:: Exercise objective ::
Find the lines of the listing that contain the string "your", and return them.

──────────────────────────────

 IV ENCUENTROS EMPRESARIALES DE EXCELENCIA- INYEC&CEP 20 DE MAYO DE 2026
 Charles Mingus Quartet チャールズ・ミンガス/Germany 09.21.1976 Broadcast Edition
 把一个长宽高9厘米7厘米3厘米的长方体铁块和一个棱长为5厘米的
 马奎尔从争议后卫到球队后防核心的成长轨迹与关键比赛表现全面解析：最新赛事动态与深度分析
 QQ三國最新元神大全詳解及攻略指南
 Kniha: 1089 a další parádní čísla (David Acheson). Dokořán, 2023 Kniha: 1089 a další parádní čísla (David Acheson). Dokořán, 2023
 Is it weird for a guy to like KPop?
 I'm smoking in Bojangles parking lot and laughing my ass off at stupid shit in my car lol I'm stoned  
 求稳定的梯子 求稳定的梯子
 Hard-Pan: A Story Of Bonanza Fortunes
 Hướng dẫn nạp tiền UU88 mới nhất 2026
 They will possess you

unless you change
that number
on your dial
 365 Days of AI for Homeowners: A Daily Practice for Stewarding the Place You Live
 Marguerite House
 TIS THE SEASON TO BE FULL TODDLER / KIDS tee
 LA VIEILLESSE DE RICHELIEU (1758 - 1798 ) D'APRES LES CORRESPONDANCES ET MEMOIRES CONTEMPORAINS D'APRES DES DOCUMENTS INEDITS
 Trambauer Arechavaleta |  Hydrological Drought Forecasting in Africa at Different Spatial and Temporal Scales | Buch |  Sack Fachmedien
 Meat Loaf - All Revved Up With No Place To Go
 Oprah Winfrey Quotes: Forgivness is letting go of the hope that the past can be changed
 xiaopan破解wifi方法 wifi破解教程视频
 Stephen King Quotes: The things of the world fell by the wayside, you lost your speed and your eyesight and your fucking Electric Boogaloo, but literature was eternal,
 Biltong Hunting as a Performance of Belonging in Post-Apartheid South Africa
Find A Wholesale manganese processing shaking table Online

──────────────────────────────

:: Answer section ::
on your dial
 Stephen King Quotes: The things of the world fell by the wayside, you lost your speed and your eyesight and your fucking Electric Boogaloo, but literature was eternal,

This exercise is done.